**What is required:**
Write out, exactly and in full, the line where "2012 FORD FOCUS VIN: 1FAHP3F24CL408471" appears together with all lines that follow it in the entries below. Do not include pictures.
-.-.-
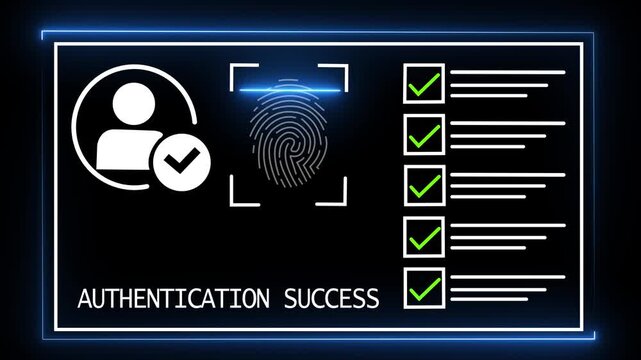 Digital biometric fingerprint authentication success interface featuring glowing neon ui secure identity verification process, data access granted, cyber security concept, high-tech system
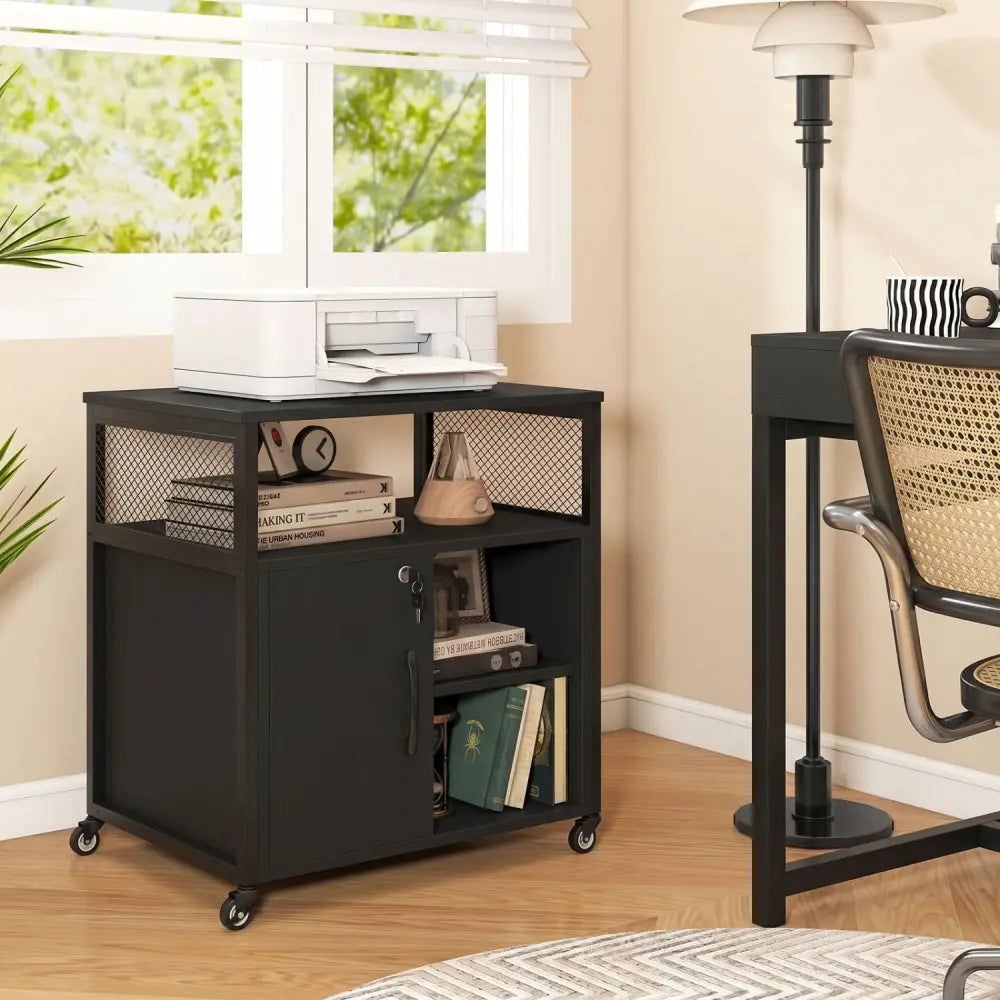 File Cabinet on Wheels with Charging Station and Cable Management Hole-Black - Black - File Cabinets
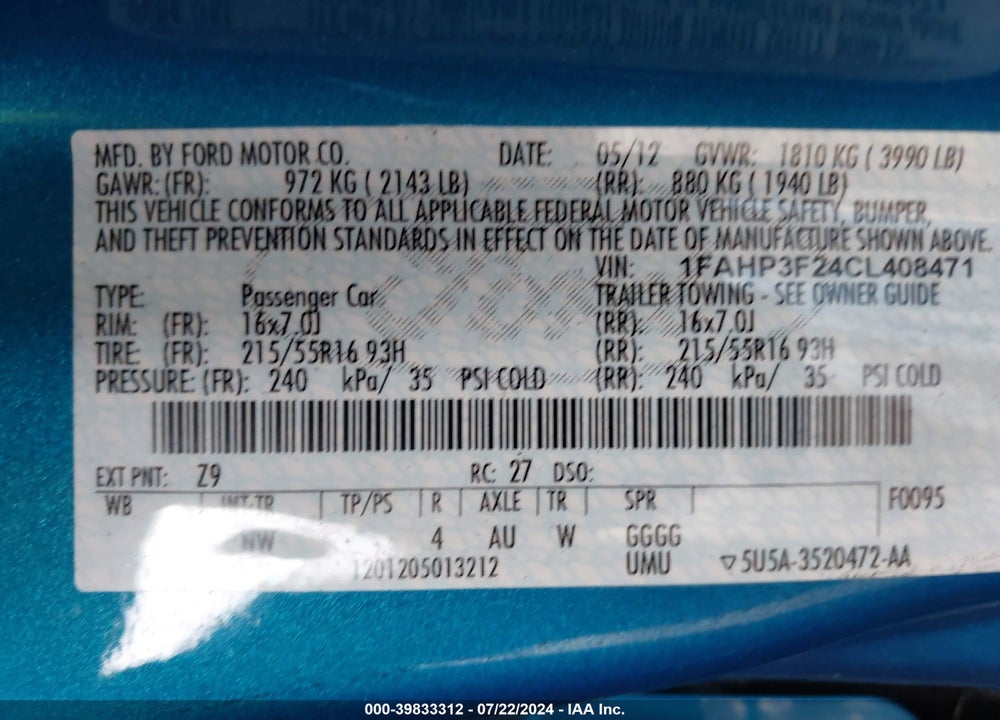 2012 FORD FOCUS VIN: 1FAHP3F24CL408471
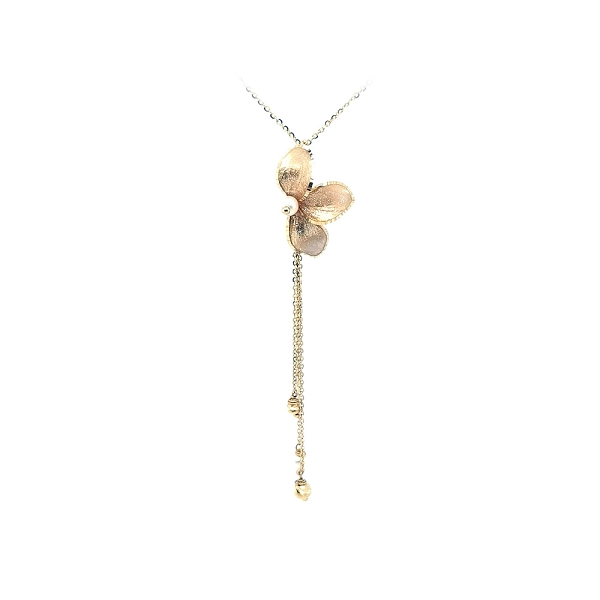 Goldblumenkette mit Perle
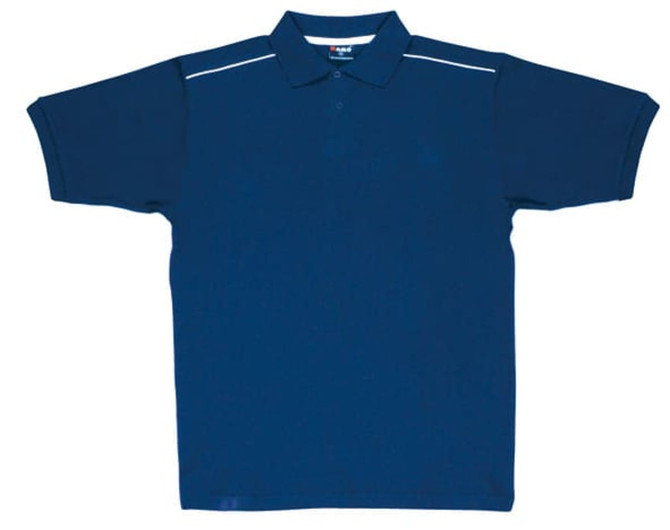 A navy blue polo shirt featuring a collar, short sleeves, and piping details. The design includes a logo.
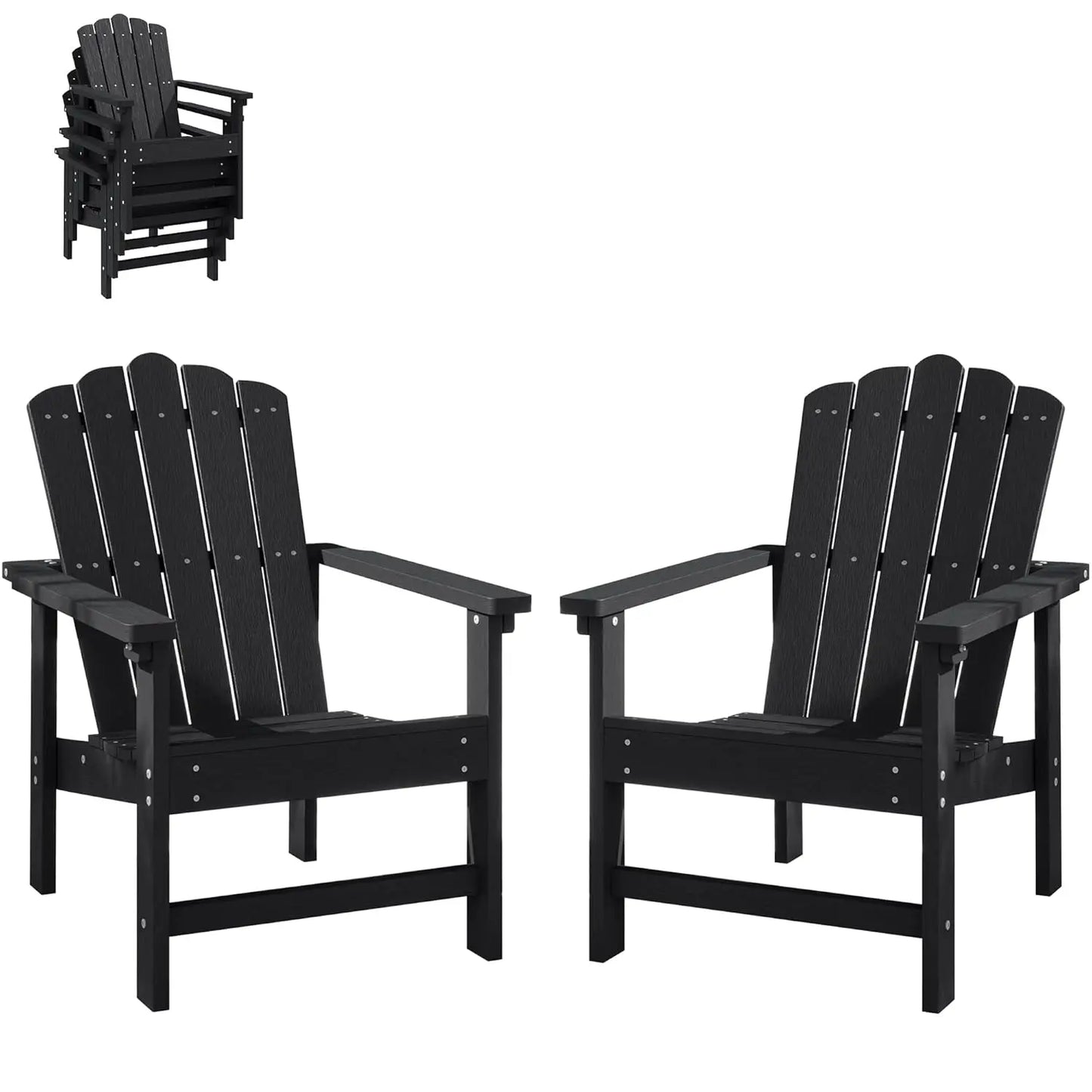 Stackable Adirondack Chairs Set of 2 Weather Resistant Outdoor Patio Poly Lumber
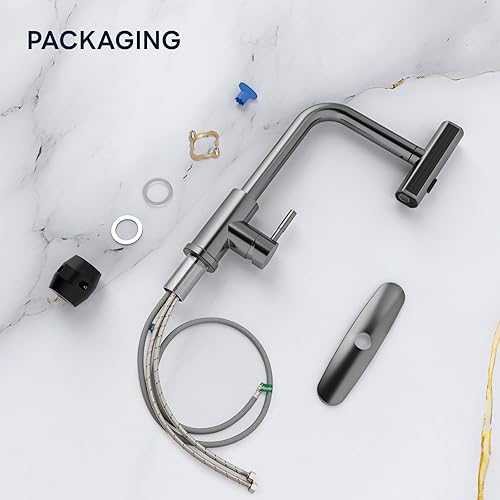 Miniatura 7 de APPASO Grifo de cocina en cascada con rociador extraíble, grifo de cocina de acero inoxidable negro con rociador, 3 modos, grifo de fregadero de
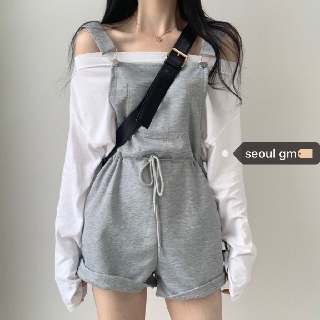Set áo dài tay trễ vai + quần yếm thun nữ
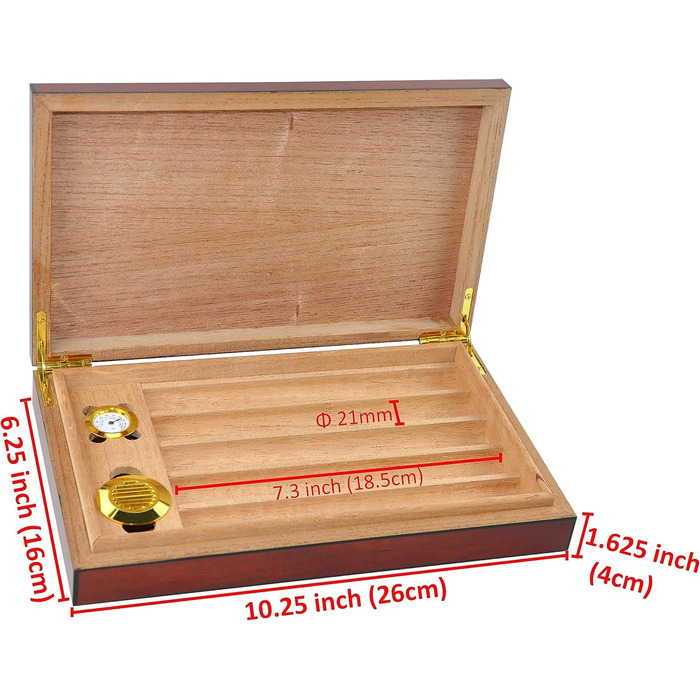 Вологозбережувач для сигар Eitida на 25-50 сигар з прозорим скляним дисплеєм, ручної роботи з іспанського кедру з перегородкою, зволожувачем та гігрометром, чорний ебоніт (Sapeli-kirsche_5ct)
-.-.-
**Solution:**
 2012 FORD FOCUS VIN: 1FAHP3F24CL408471
 Goldblumenkette mit Perle
 A navy blue polo shirt featuring a collar, short sleeves, and piping details. The design includes a logo.
 Stackable Adirondack Chairs Set of 2 Weather Resistant Outdoor Patio Poly Lumber
 Miniatura 7 de APPASO Grifo de cocina en cascada con rociador extraíble, grifo de cocina de acero inoxidable negro con rociador, 3 modos, grifo de fregadero de
Set áo dài tay trễ vai + quần yếm thun nữ
 Вологозбережувач для сигар Eitida на 25-50 сигар з прозорим скляним дисплеєм, ручної роботи з іспанського кедру з перегородкою, зволожувачем та гігрометром, чорний ебоніт (Sapeli-kirsche_5ct)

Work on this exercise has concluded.